## THE DATA
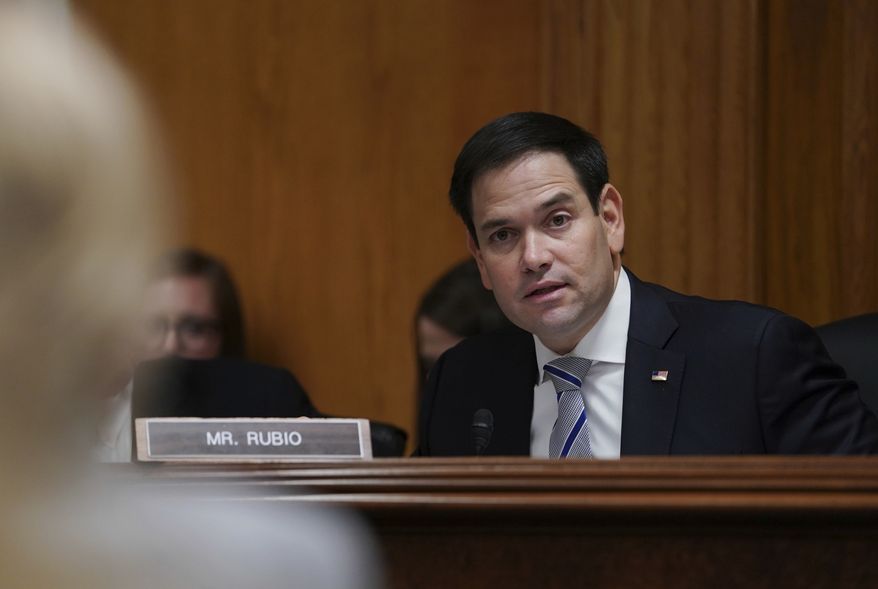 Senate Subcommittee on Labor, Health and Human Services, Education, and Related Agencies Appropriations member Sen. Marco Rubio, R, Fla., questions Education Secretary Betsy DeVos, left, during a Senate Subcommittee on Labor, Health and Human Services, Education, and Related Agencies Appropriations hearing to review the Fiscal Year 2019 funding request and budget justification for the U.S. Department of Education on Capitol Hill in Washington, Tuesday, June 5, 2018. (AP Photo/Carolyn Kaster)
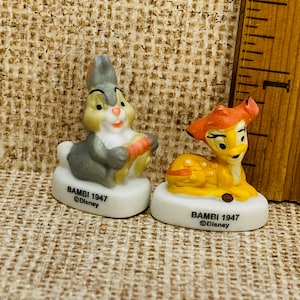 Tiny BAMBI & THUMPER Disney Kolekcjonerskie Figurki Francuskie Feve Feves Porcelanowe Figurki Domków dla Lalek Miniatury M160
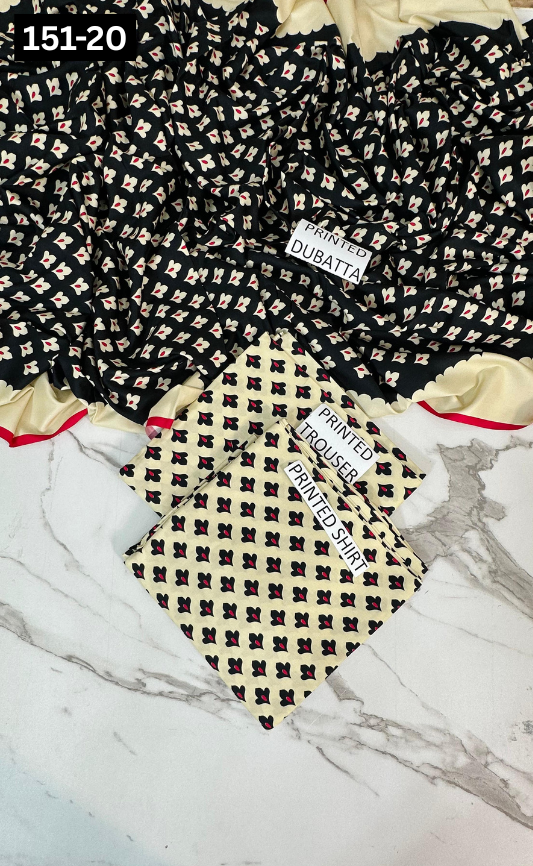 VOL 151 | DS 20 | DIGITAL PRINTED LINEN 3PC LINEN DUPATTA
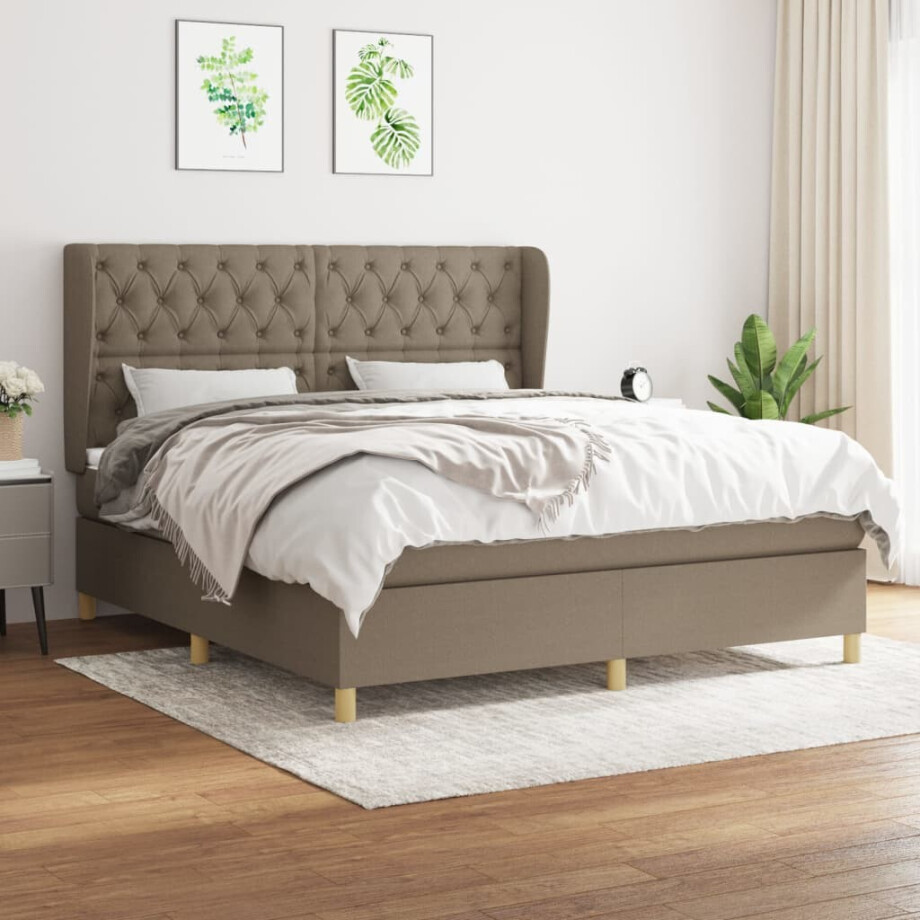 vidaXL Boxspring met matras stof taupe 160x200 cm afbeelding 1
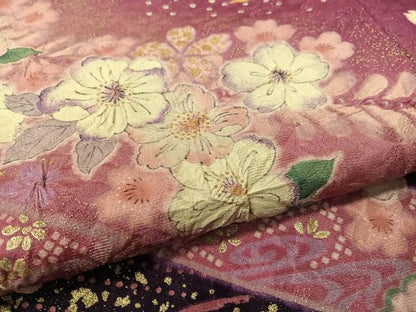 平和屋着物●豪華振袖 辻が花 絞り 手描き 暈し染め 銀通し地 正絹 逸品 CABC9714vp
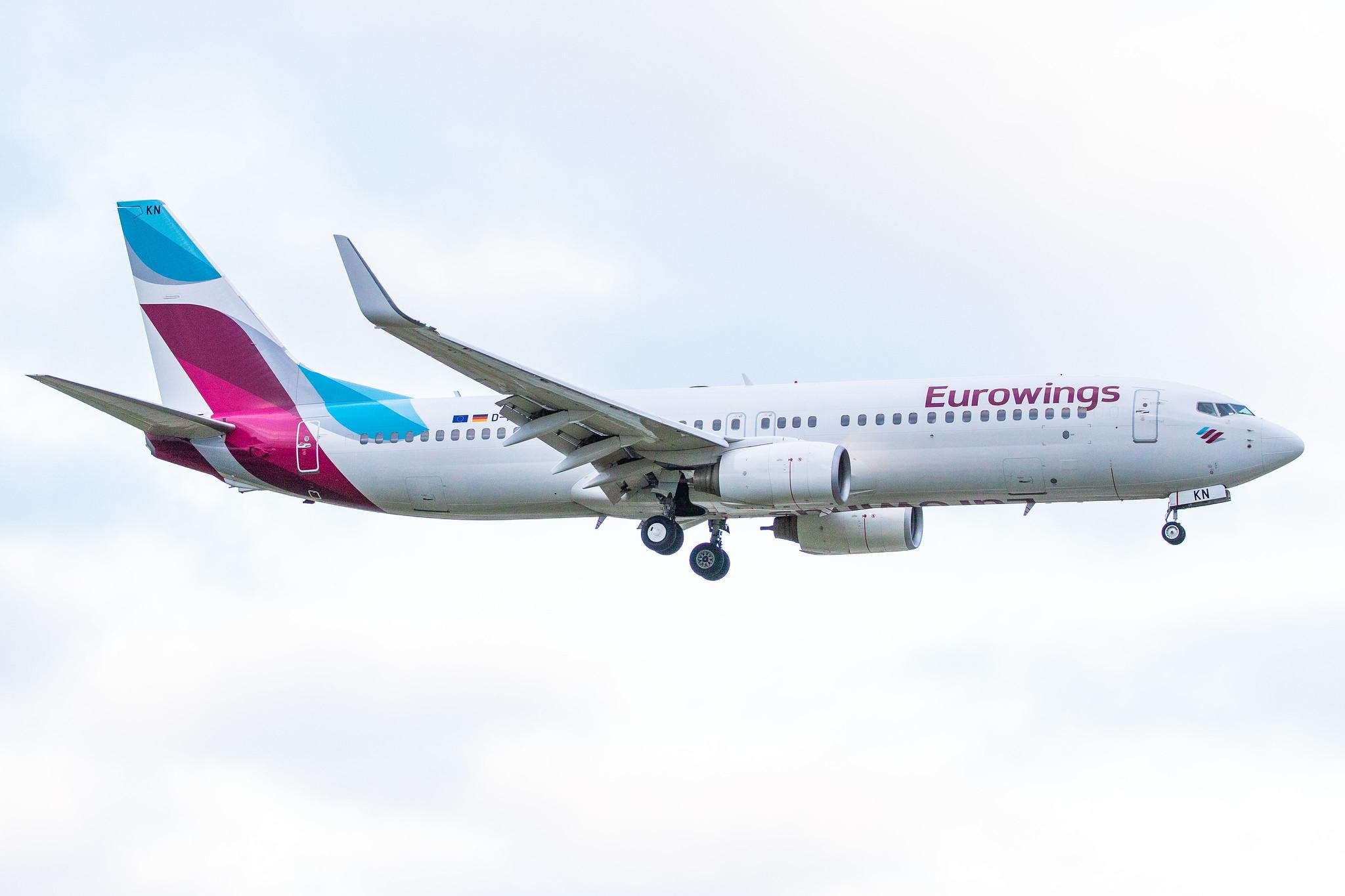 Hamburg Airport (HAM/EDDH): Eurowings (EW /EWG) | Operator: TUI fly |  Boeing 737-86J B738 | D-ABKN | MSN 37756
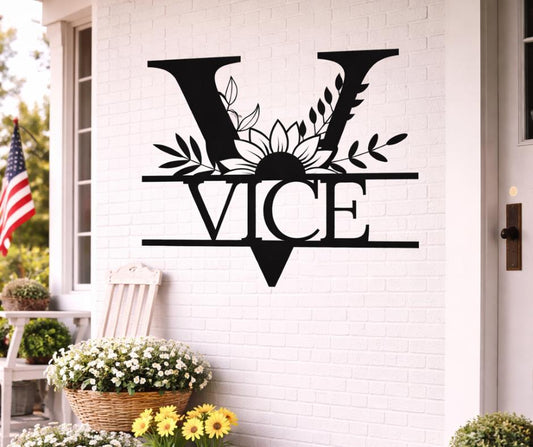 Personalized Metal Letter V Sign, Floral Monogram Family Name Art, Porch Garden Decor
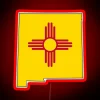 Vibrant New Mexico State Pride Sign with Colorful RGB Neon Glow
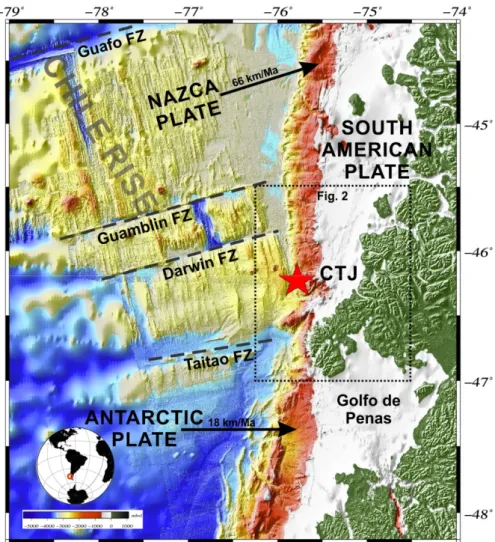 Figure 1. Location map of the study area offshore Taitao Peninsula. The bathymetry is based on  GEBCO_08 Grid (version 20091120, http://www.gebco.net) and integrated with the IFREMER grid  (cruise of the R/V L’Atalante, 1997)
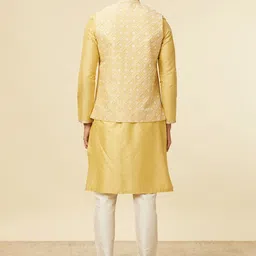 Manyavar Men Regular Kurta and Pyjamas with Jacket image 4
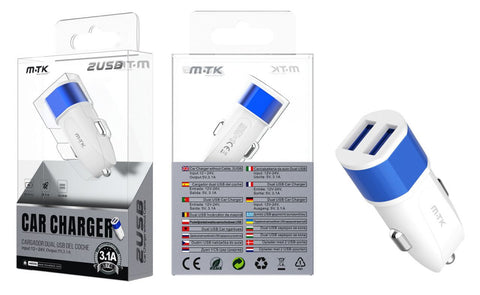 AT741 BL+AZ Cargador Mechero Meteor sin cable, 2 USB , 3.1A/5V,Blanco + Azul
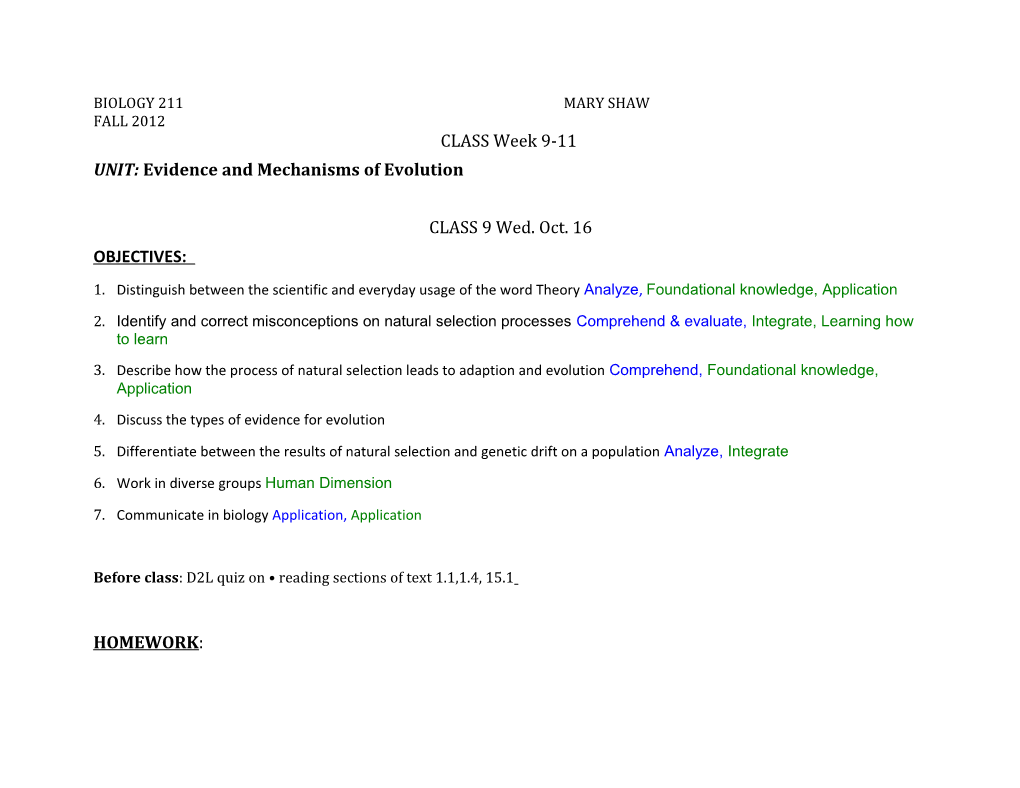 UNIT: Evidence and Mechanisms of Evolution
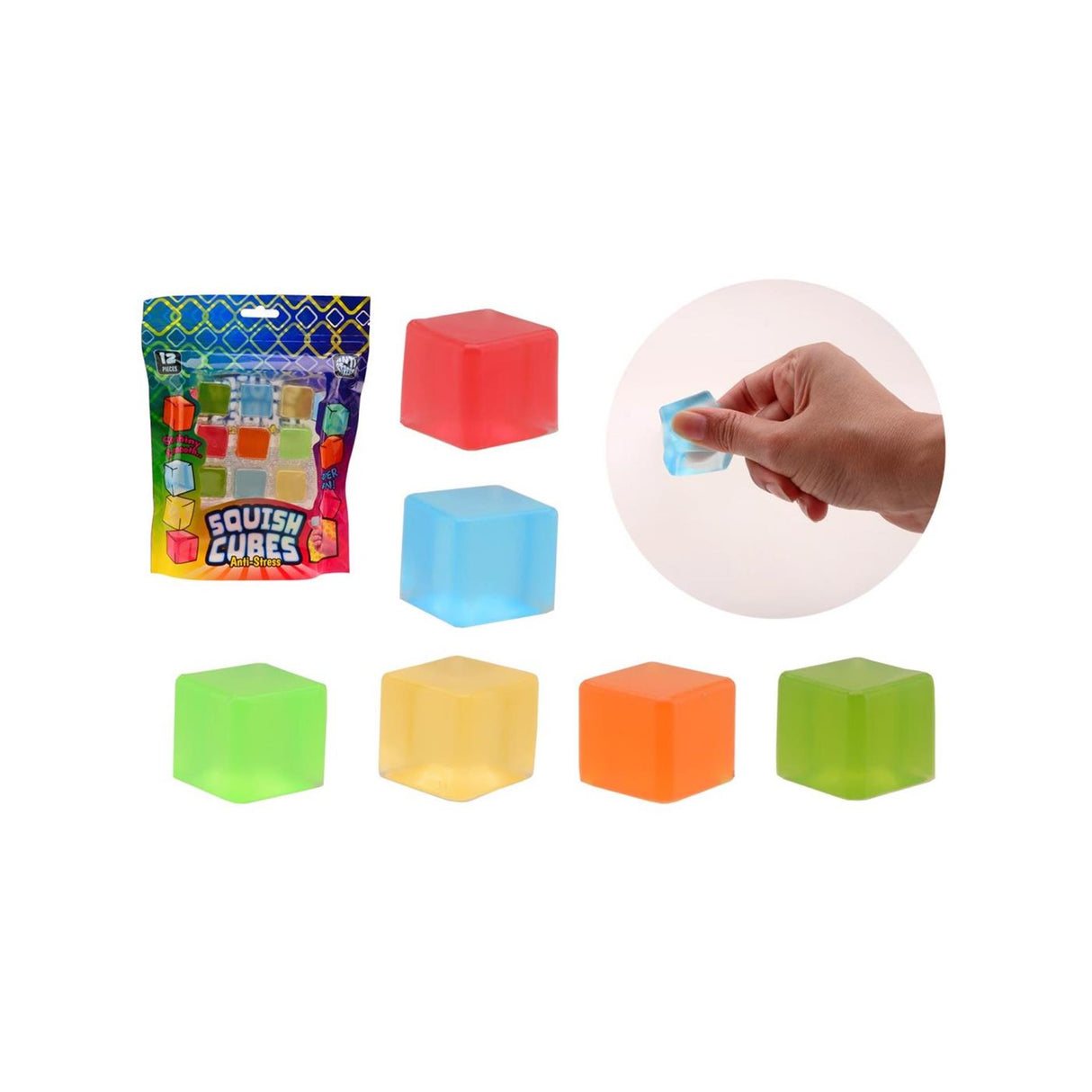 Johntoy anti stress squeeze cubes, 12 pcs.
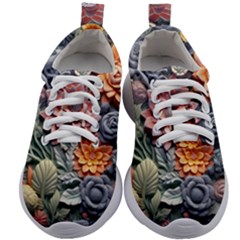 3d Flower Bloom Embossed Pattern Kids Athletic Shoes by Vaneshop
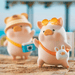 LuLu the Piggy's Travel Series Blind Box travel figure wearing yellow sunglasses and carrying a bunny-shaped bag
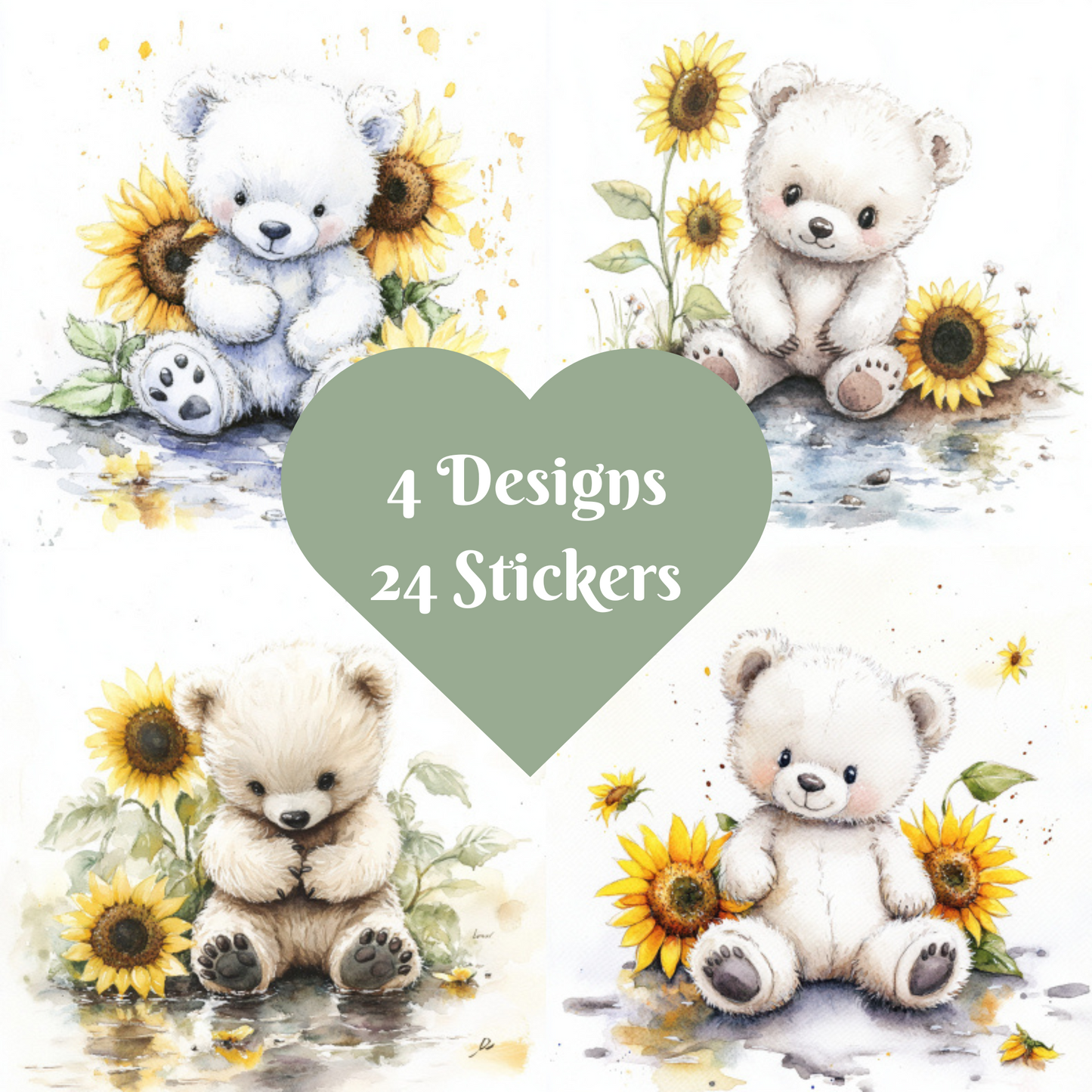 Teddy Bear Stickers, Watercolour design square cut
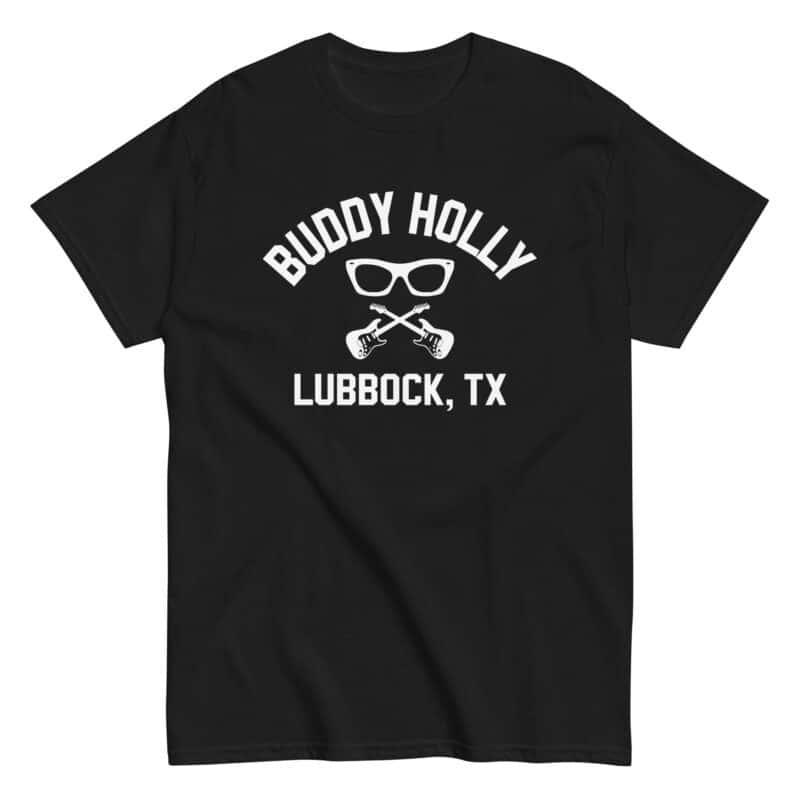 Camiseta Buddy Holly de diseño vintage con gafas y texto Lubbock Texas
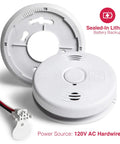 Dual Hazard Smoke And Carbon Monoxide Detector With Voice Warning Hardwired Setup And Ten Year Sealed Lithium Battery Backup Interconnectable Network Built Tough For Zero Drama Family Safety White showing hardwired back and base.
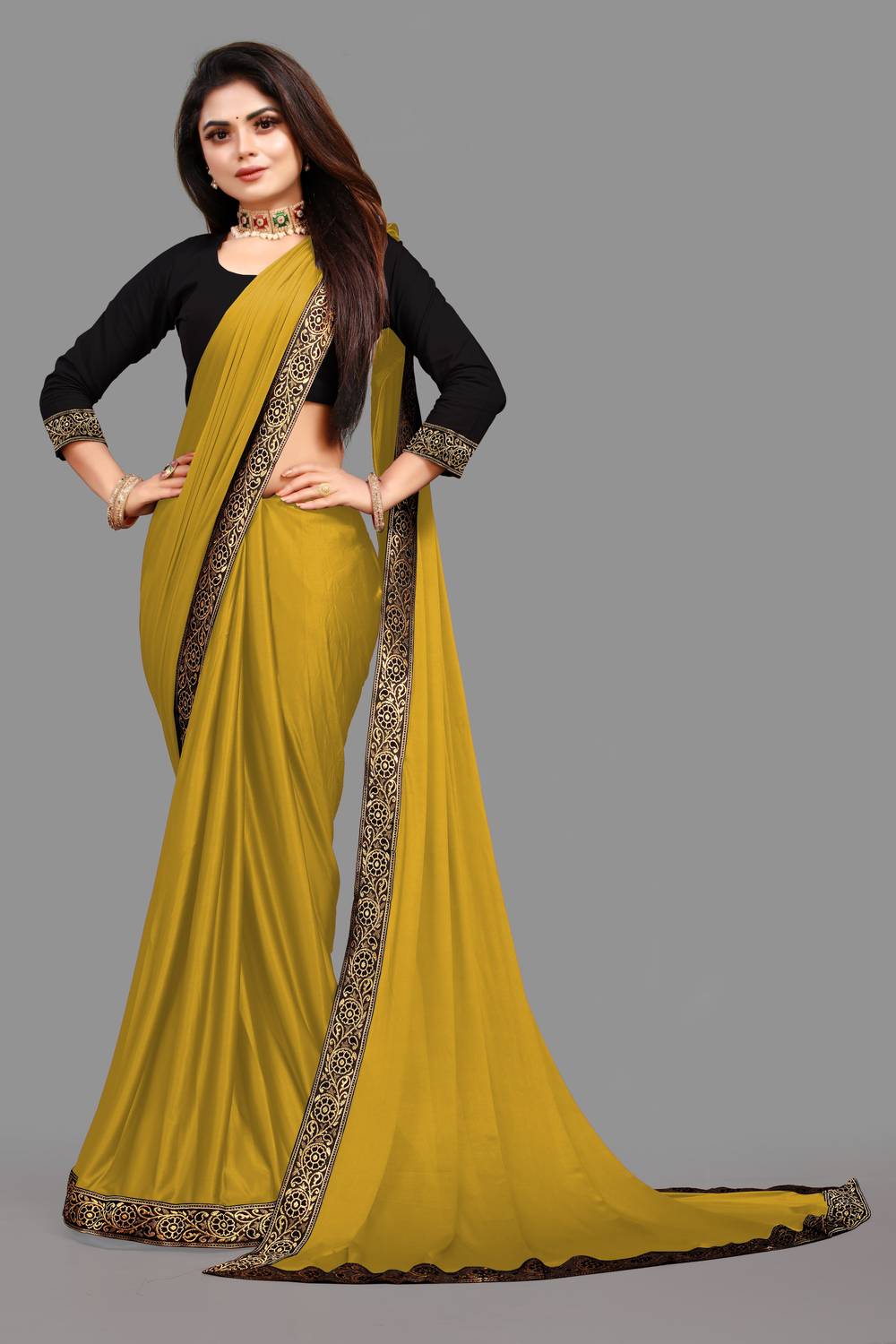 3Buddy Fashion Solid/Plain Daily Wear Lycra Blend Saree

## WHAT TO DO
Where the line containing "Teddy Bear Stickers, Watercolour" appears in the records above, begin copying and continue exactly through the last line, with nothing else; omit every picture.

## ANSWER SPACE
 Teddy Bear Stickers, Watercolour design square cut
 Camiseta Buddy Holly de diseño vintage con gafas y texto Lubbock Texas
 Dual Hazard Smoke And Carbon Monoxide Detector With Voice Warning Hardwired Setup And Ten Year Sealed Lithium Battery Backup Interconnectable Network Built Tough For Zero Drama Family Safety White showing hardwired back and base.
 3Buddy Fashion Solid/Plain Daily Wear Lycra Blend Saree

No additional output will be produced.